**TASK TO COMPLETE**
Whatever precedes the line containing "BREAKOUT 2017, FULL BLACK, 11 500 KM" is not copied; that line and every line after it through the final one below are copied exactly, except pictures.

**STORED DATA**
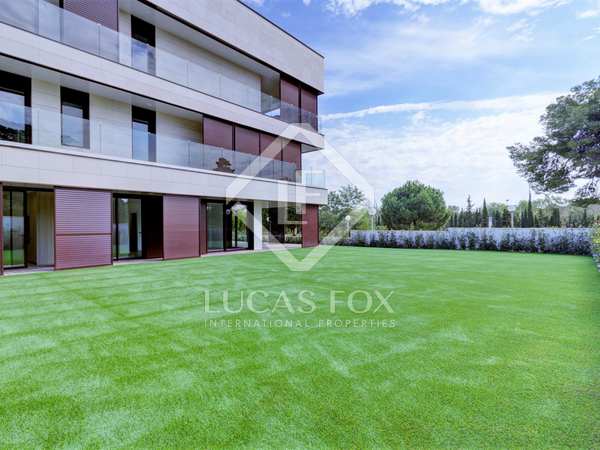 219m² apartment with 77m² terrace for sale in Urb. de Llevant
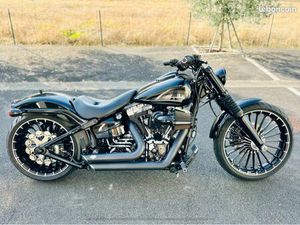 BREAKOUT 2017, FULL BLACK, 11 500 KM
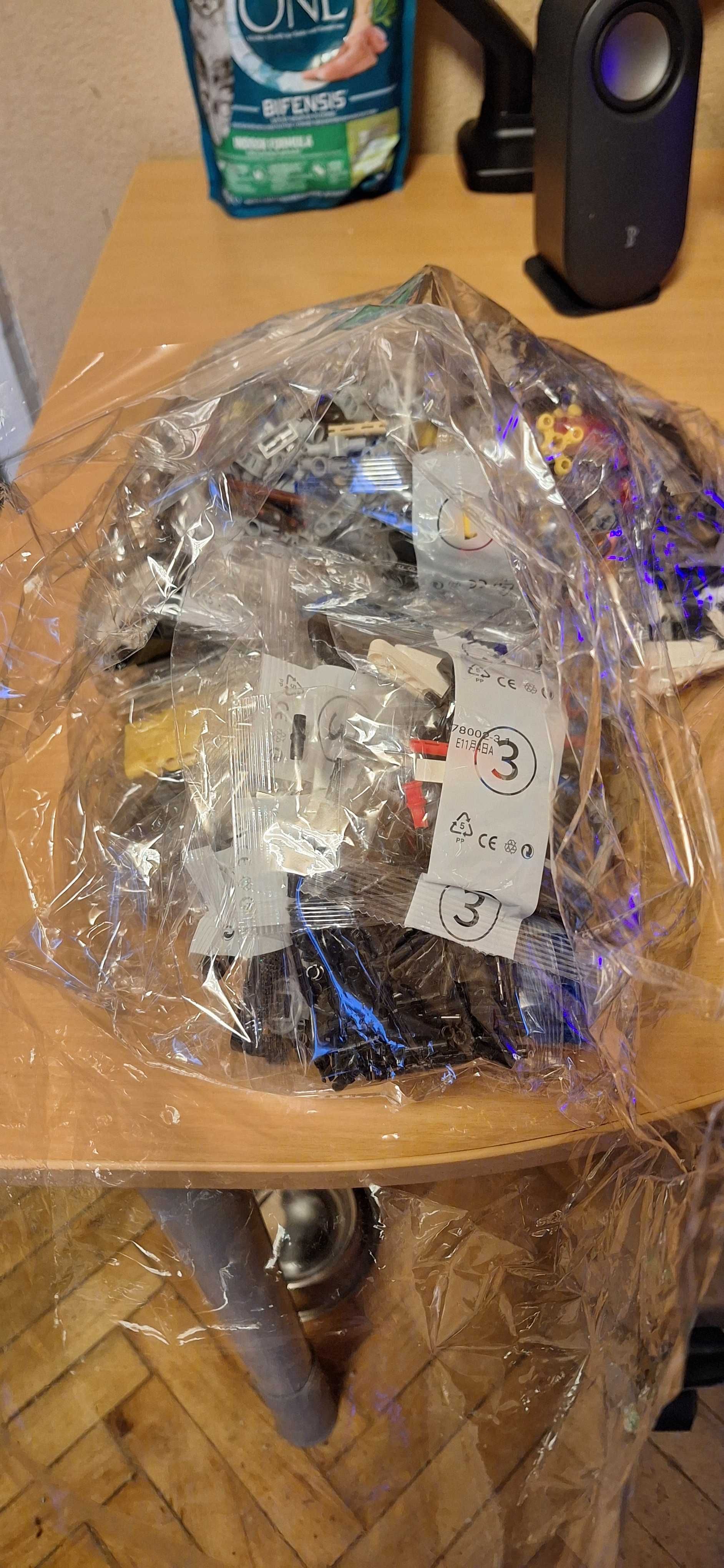Lego BMW M 1000 RR 42130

**RESULT OF THE TASK**
 BREAKOUT 2017, FULL BLACK, 11 500 KM
Lego BMW M 1000 RR 42130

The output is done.